>>>>>
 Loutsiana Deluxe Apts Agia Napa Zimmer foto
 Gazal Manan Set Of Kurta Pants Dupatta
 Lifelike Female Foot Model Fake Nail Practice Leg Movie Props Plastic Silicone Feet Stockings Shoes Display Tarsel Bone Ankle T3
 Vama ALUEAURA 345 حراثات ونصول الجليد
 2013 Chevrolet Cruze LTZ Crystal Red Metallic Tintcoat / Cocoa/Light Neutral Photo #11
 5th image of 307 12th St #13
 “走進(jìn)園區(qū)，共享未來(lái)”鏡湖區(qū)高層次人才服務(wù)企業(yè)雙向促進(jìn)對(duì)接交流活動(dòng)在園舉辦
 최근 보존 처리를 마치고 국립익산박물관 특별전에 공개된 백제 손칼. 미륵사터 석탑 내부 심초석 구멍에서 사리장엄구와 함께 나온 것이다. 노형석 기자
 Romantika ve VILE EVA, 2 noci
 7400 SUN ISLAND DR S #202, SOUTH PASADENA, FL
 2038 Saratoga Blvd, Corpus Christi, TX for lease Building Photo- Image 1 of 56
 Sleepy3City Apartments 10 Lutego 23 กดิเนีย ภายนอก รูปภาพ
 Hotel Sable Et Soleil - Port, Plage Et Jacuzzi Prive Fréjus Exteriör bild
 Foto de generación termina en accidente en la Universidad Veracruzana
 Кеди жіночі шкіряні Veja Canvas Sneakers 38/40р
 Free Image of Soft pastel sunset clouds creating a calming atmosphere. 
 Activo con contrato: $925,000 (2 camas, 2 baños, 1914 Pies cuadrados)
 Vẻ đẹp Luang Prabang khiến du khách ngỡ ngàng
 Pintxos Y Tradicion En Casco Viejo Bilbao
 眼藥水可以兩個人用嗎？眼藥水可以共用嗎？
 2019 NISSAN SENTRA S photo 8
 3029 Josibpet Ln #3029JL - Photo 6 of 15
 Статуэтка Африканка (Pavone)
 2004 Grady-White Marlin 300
<<<<<
Each entry above is to be set down again in exactly the same words.

### [Solution for this exercise]
 Loutsiana Deluxe Apts Agia Napa Zimmer foto
 Gazal Manan Set Of Kurta Pants Dupatta
 Lifelike Female Foot Model Fake Nail Practice Leg Movie Props Plastic Silicone Feet Stockings Shoes Display Tarsel Bone Ankle T3
 Vama ALUEAURA 345 حراثات ونصول الجليد
 2013 Chevrolet Cruze LTZ Crystal Red Metallic Tintcoat / Cocoa/Light Neutral Photo #11
 5th image of 307 12th St #13
 “走進(jìn)園區(qū)，共享未來(lái)”鏡湖區(qū)高層次人才服務(wù)企業(yè)雙向促進(jìn)對(duì)接交流活動(dòng)在園舉辦
 최근 보존 처리를 마치고 국립익산박물관 특별전에 공개된 백제 손칼. 미륵사터 석탑 내부 심초석 구멍에서 사리장엄구와 함께 나온 것이다. 노형석 기자
 Romantika ve VILE EVA, 2 noci
 7400 SUN ISLAND DR S #202, SOUTH PASADENA, FL
 2038 Saratoga Blvd, Corpus Christi, TX for lease Building Photo- Image 1 of 56
 Sleepy3City Apartments 10 Lutego 23 กดิเนีย ภายนอก รูปภาพ
 Hotel Sable Et Soleil - Port, Plage Et Jacuzzi Prive Fréjus Exteriör bild
 Foto de generación termina en accidente en la Universidad Veracruzana
 Кеди жіночі шкіряні Veja Canvas Sneakers 38/40р
 Free Image of Soft pastel sunset clouds creating a calming atmosphere. 
 Activo con contrato: $925,000 (2 camas, 2 baños, 1914 Pies cuadrados)
 Vẻ đẹp Luang Prabang khiến du khách ngỡ ngàng
 Pintxos Y Tradicion En Casco Viejo Bilbao
 眼藥水可以兩個人用嗎？眼藥水可以共用嗎？
 2019 NISSAN SENTRA S photo 8
 3029 Josibpet Ln #3029JL - Photo 6 of 15
 Статуэтка Африканка (Pavone)
 2004 Grady-White Marlin 300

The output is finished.